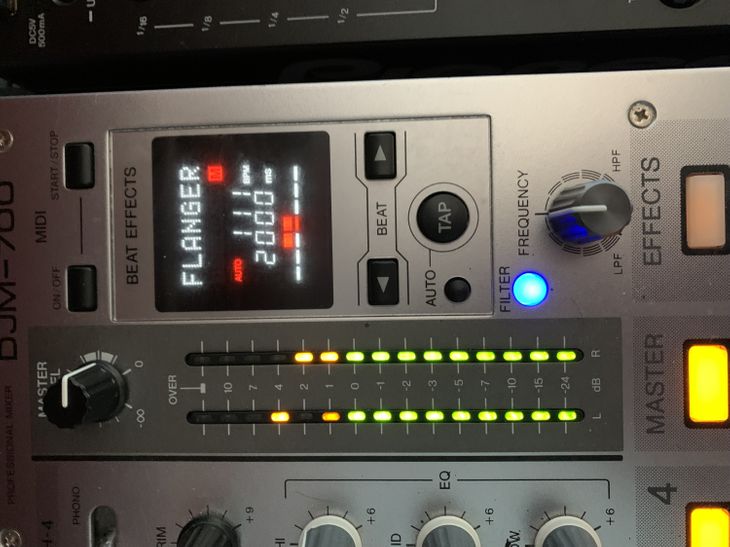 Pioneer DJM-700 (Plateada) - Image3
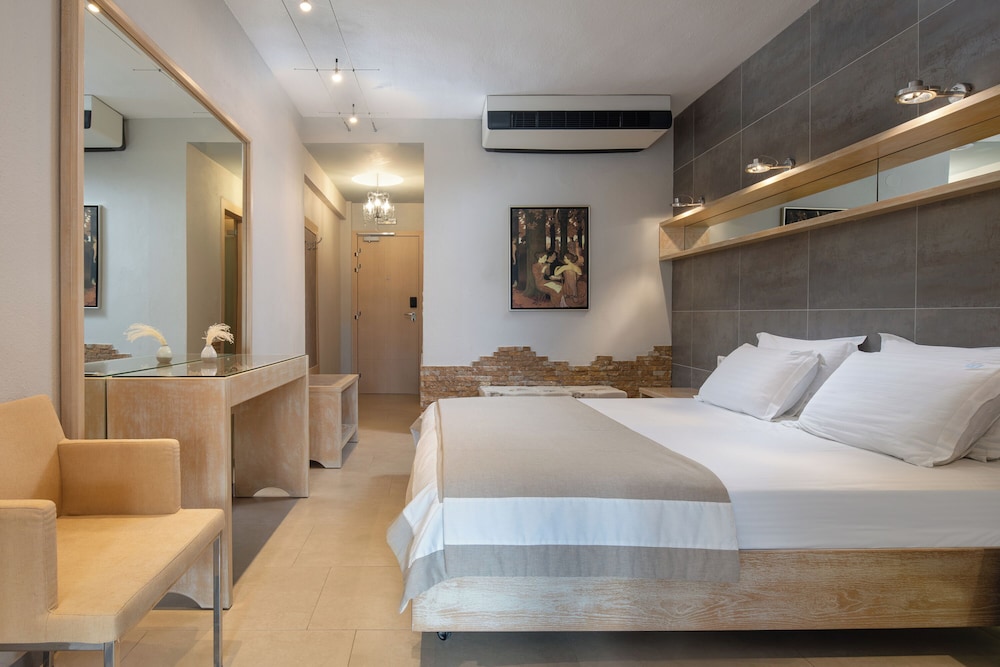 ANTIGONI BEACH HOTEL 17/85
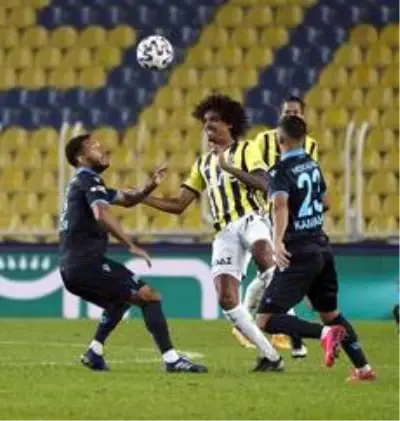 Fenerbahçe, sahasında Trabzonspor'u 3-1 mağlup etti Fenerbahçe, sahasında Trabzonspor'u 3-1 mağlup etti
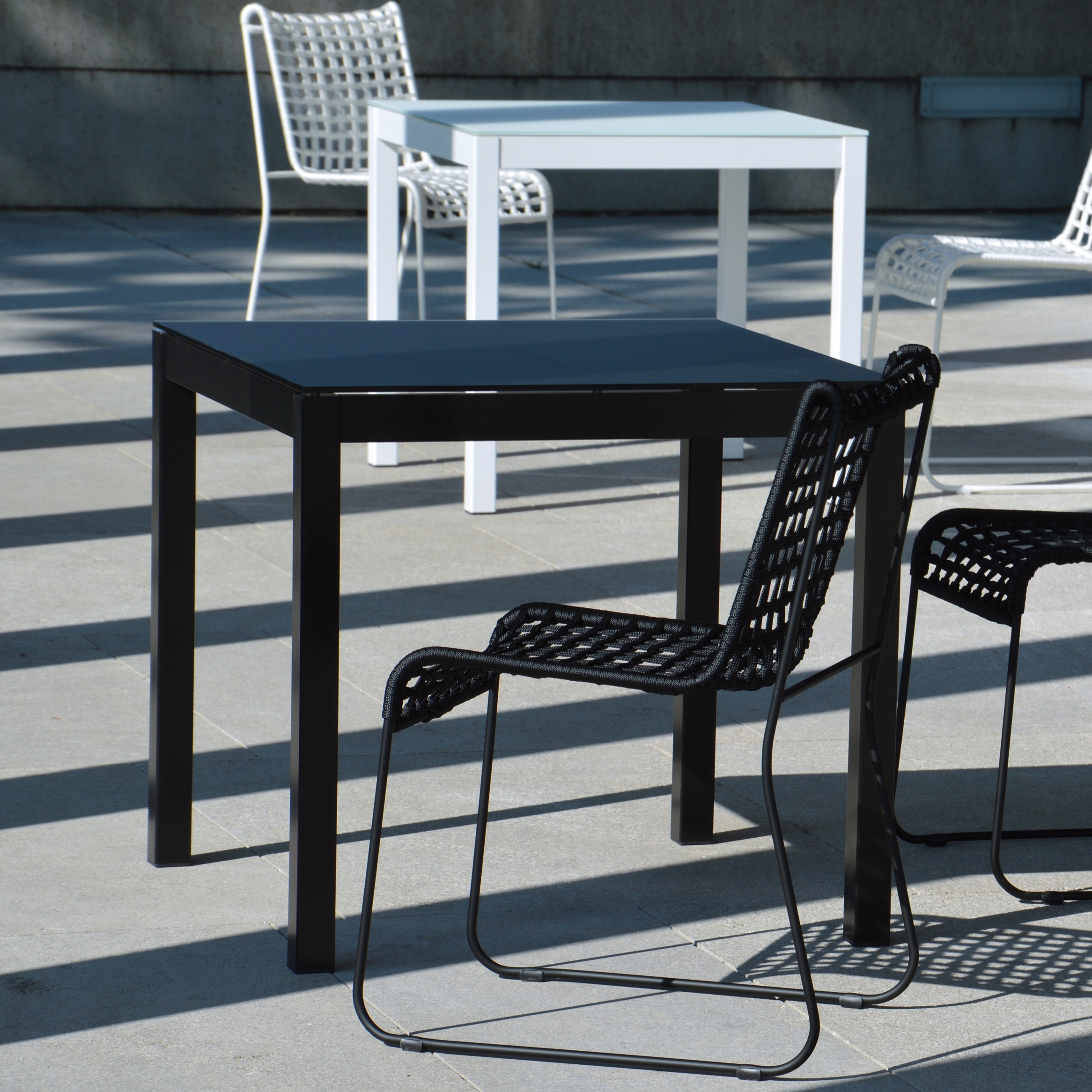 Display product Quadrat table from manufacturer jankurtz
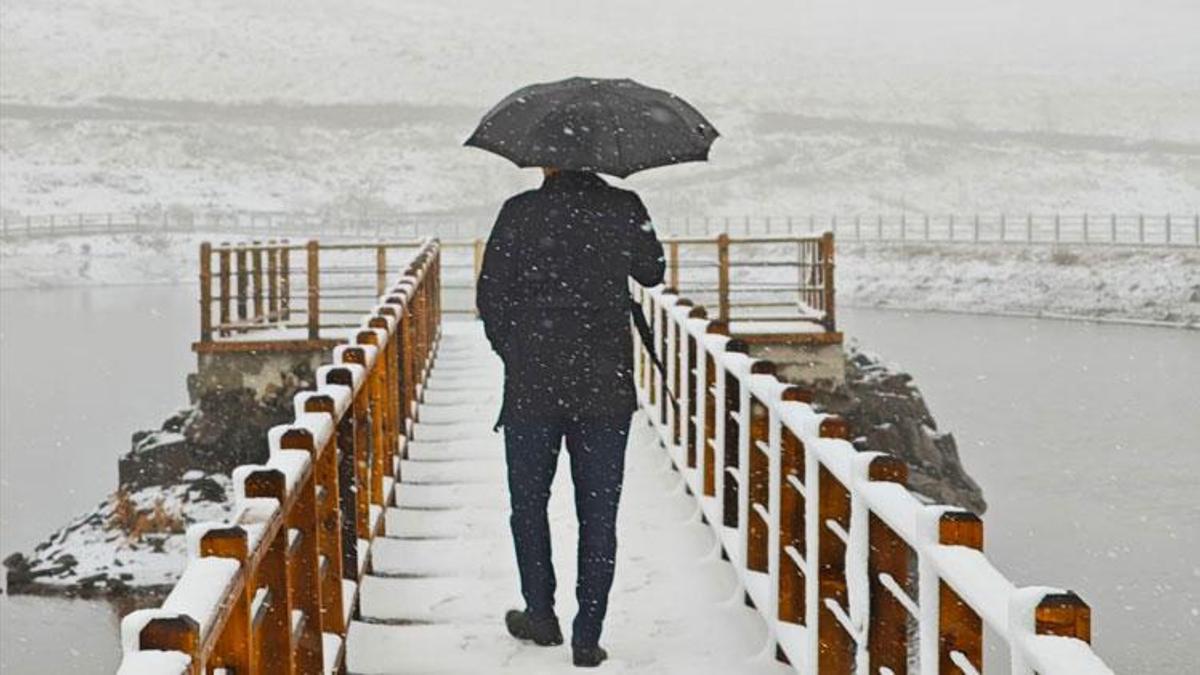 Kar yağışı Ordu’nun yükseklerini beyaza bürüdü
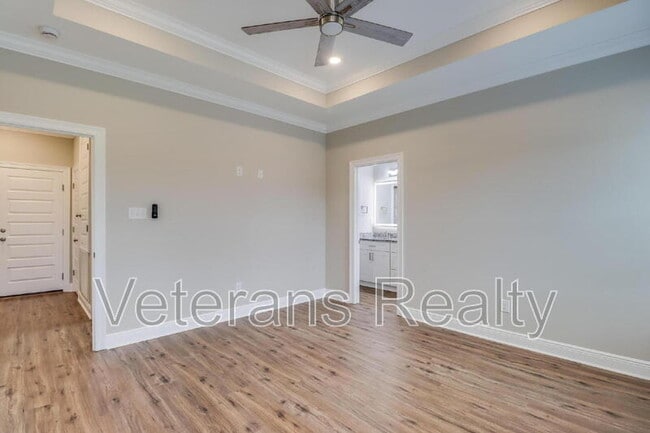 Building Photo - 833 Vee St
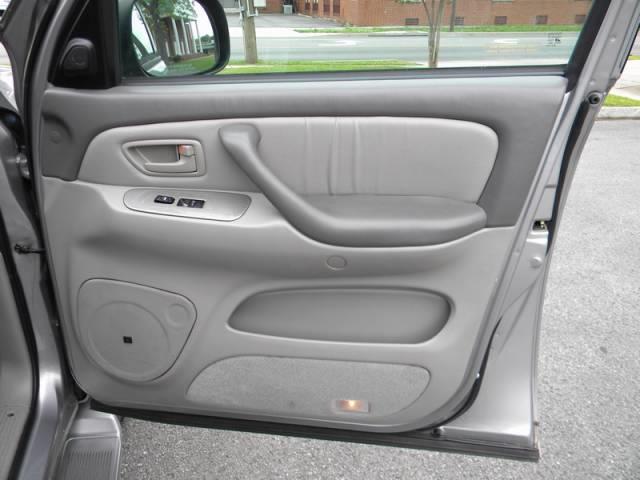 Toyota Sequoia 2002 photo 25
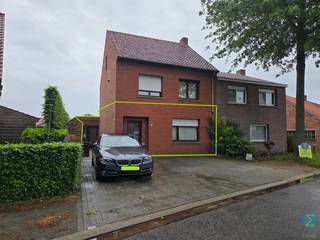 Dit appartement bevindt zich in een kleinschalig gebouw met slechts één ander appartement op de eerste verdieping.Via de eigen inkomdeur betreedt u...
==
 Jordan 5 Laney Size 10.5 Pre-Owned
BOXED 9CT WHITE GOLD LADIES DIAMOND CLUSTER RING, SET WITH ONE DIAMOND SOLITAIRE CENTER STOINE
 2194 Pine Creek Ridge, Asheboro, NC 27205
...
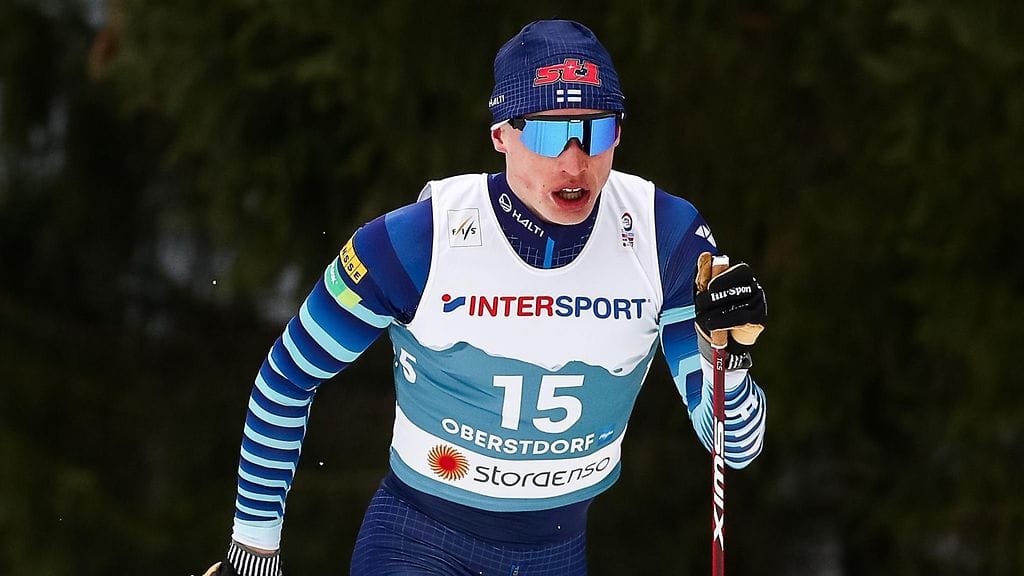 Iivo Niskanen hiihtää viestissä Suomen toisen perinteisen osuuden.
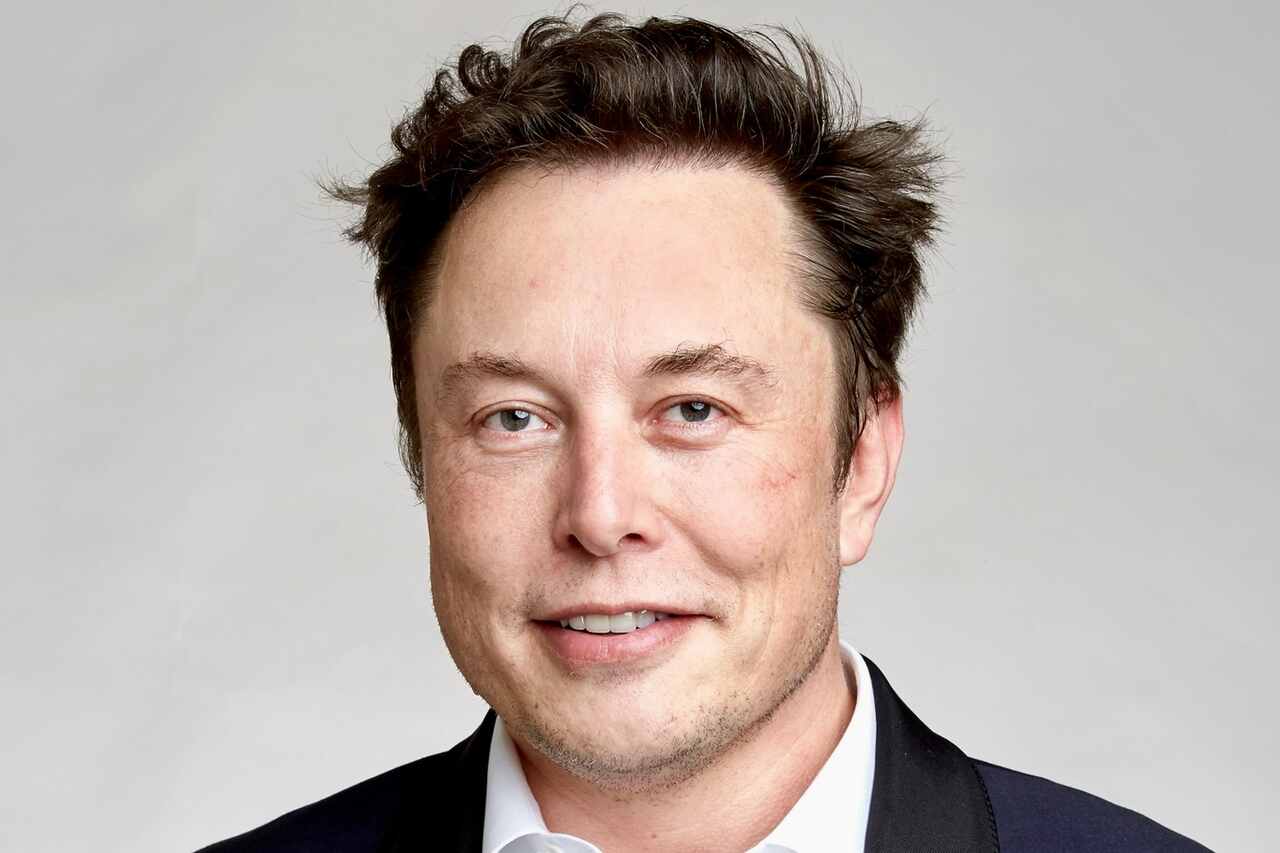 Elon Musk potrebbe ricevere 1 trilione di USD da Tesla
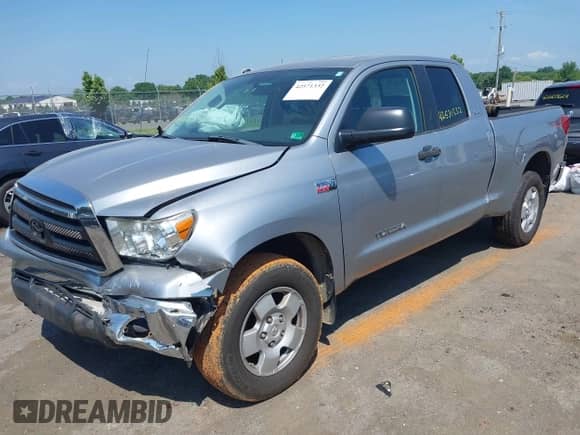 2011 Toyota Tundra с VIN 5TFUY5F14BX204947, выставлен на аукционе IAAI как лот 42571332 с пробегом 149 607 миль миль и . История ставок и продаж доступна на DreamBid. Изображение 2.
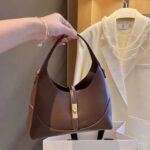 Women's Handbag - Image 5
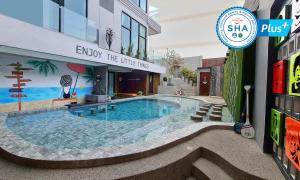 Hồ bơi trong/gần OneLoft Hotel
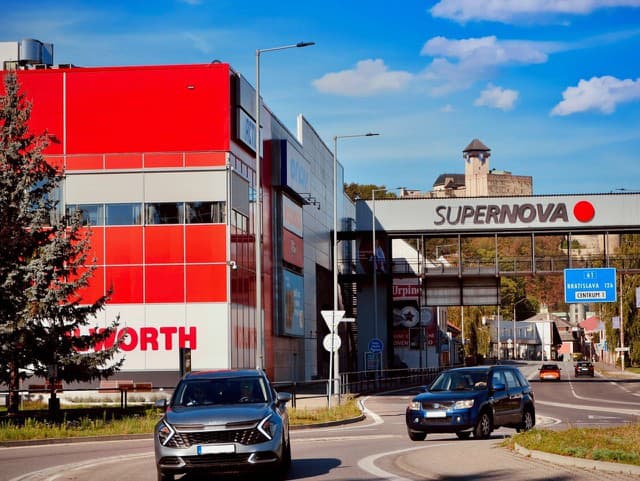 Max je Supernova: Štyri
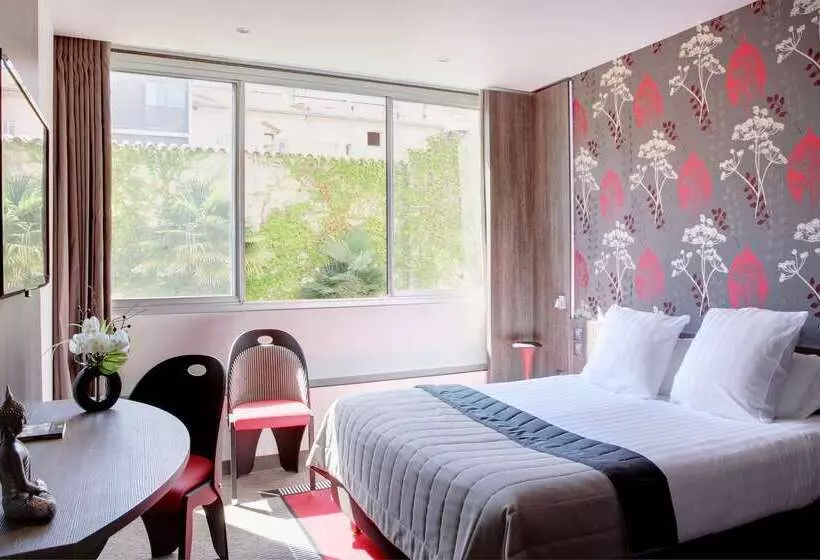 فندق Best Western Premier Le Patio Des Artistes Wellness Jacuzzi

= Aim of the task =
Above are some records; extract exactly the lines from the one containing "Kar yağışı Ordu’nun" through the one containing "Dit appartement bevindt" and drop the pictures.

= Solution to the exercise =
 Kar yağışı Ordu’nun yükseklerini beyaza bürüdü
 Building Photo - 833 Vee St
 Toyota Sequoia 2002 photo 25
 Dit appartement bevindt zich in een kleinschalig gebouw met slechts één ander appartement op de eerste verdieping.Via de eigen inkomdeur betreedt u...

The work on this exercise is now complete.